Nancy Birdsall, president of the Centre for Global Development, said that the new book was the Centre’s latest research output in an ongoing effort to ensure that rich countries consider the impact of their labour and migration policies on people in developing countries.

“Everybody knows that trade, aid and debt relief are development issues,” she said in a statement. “Labour mobility is like the 800-pound gorrilla in the room that nobody wants to discuss. Lant’s book will change that.”

According to the book, five irresistible forces are making pressure for mobility across national boundaries greater than ever before. These forces are:

– Widening gaps between wages for unskilled workers in rich countries and poor countries. In the 19th century the gap in unskilled wages between receiving and sending countries was about 3 to 1. The same gap today is more than 10 to 1.

– Differing demographics. Falling birth rates and greater longevity mean that populations in rich countries are aging rapidly. In neighbouring poor countries, working age populations are burgeoning.

– Globalisation of everything but labour. Movement of goods, capital, and ideas has reached the stage where gains from further liberalisation are tiny compared to the potential gains from increased labour mobility.

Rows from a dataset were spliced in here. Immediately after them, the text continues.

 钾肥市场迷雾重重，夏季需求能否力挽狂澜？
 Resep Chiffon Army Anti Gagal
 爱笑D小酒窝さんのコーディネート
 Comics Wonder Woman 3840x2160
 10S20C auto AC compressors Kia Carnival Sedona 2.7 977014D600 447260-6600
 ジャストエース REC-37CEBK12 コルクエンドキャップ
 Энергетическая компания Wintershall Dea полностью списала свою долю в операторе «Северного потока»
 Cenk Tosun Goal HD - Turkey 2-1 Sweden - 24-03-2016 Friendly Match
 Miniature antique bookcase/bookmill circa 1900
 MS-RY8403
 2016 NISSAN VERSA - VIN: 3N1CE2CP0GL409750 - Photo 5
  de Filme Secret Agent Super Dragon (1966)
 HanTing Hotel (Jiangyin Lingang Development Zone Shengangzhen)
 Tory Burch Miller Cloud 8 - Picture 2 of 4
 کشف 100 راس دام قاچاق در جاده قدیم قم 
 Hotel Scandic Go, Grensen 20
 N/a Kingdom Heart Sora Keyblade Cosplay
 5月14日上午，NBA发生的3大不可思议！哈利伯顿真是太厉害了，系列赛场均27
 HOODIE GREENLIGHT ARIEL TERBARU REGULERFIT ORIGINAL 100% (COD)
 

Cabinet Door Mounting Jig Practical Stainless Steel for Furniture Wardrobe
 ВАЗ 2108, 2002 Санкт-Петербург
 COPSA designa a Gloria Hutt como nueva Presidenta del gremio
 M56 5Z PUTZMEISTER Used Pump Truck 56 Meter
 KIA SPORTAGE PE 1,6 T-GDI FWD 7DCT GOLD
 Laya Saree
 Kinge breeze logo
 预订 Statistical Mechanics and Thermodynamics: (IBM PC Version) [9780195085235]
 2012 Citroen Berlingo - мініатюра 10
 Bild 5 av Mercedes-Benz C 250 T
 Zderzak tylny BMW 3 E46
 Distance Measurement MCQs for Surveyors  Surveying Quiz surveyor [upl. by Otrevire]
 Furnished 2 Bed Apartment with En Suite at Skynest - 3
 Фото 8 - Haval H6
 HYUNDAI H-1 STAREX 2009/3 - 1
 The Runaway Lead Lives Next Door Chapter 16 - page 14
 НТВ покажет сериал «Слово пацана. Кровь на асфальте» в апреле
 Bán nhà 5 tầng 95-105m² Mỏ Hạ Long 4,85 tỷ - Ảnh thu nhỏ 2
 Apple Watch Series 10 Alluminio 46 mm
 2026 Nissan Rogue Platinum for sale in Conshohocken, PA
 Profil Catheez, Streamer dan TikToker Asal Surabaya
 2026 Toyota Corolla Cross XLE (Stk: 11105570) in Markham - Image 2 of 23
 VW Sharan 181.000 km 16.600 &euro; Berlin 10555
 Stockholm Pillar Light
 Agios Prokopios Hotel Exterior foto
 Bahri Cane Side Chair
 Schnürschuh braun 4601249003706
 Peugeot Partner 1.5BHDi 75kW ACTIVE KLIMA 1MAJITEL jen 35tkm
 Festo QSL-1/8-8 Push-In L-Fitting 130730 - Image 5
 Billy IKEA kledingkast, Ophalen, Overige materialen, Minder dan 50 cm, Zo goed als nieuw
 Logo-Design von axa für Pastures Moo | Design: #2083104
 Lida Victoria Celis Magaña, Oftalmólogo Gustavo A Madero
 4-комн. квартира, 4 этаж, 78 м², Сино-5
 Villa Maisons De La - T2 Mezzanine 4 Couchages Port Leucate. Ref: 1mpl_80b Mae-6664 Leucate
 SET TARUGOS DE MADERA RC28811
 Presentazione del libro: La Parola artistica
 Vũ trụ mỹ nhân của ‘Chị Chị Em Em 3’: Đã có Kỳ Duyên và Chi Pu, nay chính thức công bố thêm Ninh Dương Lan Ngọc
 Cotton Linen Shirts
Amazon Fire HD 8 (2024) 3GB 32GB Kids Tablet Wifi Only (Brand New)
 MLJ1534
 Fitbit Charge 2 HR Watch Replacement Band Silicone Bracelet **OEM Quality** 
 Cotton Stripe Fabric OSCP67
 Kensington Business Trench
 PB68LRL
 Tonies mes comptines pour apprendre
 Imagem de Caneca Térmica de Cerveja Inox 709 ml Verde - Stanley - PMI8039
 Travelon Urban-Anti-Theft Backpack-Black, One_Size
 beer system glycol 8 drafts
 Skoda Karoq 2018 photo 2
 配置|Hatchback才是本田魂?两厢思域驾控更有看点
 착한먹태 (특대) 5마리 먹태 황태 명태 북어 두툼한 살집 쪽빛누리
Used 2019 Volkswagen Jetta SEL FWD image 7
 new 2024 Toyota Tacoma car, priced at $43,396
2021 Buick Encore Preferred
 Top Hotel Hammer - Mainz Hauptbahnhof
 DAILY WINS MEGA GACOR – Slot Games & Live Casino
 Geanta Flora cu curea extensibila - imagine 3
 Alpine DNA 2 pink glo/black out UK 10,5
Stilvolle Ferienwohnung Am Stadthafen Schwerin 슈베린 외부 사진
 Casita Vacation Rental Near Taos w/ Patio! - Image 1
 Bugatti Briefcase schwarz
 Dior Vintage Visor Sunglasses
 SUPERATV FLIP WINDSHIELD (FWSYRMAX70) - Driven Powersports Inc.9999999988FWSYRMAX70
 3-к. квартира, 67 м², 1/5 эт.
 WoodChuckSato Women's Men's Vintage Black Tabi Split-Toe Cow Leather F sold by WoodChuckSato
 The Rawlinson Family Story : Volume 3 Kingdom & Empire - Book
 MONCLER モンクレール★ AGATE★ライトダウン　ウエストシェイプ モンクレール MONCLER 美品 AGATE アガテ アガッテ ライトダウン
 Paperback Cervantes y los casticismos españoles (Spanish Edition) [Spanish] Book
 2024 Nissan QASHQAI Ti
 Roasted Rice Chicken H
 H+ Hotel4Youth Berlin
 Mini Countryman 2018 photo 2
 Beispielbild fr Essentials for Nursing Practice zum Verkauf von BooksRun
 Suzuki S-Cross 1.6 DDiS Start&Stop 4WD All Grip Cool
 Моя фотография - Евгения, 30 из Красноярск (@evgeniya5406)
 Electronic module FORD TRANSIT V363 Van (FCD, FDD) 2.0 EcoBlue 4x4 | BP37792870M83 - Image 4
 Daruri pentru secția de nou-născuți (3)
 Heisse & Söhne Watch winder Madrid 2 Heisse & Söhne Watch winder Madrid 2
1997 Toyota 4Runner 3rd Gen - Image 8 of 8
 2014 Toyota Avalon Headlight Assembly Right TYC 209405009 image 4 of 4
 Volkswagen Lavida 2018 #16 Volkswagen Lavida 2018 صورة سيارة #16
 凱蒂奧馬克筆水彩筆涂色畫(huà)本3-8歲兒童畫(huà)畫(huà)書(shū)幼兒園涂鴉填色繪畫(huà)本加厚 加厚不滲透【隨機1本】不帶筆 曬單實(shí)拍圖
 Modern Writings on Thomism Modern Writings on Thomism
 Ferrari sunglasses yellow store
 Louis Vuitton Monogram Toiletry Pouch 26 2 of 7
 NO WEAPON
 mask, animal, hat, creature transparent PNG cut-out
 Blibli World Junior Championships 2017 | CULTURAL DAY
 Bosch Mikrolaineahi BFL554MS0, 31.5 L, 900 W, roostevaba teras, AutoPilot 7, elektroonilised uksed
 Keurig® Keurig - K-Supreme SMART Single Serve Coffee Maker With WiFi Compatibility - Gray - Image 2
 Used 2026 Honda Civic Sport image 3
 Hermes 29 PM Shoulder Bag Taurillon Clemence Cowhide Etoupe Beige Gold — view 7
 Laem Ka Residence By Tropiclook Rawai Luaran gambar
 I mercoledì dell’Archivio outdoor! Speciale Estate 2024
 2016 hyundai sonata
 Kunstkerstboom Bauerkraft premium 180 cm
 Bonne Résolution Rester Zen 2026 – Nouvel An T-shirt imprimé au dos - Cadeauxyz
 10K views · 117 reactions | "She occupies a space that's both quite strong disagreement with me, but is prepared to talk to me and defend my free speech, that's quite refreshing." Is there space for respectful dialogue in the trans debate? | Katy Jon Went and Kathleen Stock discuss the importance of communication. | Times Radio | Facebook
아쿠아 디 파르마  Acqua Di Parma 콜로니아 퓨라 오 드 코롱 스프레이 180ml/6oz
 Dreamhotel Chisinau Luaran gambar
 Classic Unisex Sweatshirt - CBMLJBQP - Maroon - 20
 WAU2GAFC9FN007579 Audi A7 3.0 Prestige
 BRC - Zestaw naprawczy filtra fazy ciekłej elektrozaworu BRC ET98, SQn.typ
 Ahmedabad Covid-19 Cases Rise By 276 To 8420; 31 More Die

– In coming years, more than half of U.S. job growth – about five million new jobs per year – will be jobs such as home health care aides, janitors, cashiers, and fast food workers. These are low-skilled service jobs that cannot be outsourced to a developing country.

– In many developing countries, income from relatives working abroad is the only way to maintain or improve their standard of living.

The study has drawn widespread interest already.

“Lant Pritchett gives us the most lucid and forward-looking account of the one aspect of 21st century globalisation that politicians still refuse to recognise and manage properly,” Ernesto Zedillo, director of the Yale Centre for the Study of Globalisation and former president of Mexico said in a statement.

“Whether anyone likes it or not, migration will be a key issue of the 21st century,” said Mary Robinson, president of the Ethical Globalisation Initiative and former president of Ireland. “Pritchett’s book highlights the difficult political and ethical issues that the movement of people across national borders presents to the current system. His discussion of ways to break the deadlock is a provocative contribution in an area where provocation is needed.”

L. Alan Winters, director of the Development Research Group at the World Bank said “this book makes the case for unskilled migration in a more original, challenging and entertaining way than any other I have seen.”